# NanoAOD precision checks

> “Many variables are stored with limited precision (i.e. less than 32bits float) by zeroing a given number of bits in the float mantissa (this results in a higher compression when stored on disk)."
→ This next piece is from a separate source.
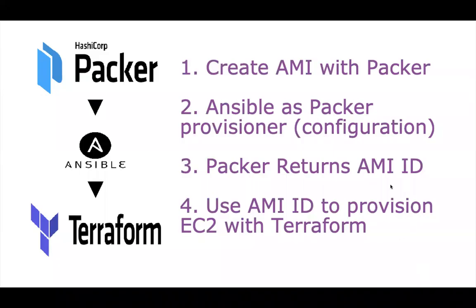Hello guys. Today we're going to see practical session on HashiCorp Packer where we use Ansible as a provisioner in the HashiCorp Packer and then once it spits out the AMI ID, we use Terraform to provision EC2 instance.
* Get gen kinematic information from MiniAOD and compared with gen information stored in NanoAOD events.
  - Using [/GluGluToRadionToHHTo2B2WToLNu2J_M-250_narrow_13TeV-madgraph/RunIISummer16MiniAODv3-PUMoriond17_94X_mcRun2_asymptotic_v3-v2/MINIAODSIM](https://cmsweb.cern.ch/das/request?instance=prod/global&input=file+dataset%3D%2FGluGluToRadionToHHTo2B2WToLNu2J_M-250_narrow_13TeV-madgraph%2FRunIISummer16MiniAODv3-PUMoriond17_94X_mcRun2_asymptotic_v3-v2%2FMINIAODSIM)
  - Dedicated (very simple) analyzer -->  produces tree with $H \to h(b\bar{b})h(WW^{*})$ gen kinematics.
  - NanoAOD from MiniAOD using "official" configuration using cmsDriver 
  - No "postprocessing" of NanoAOD tuple to avoid any potential errors.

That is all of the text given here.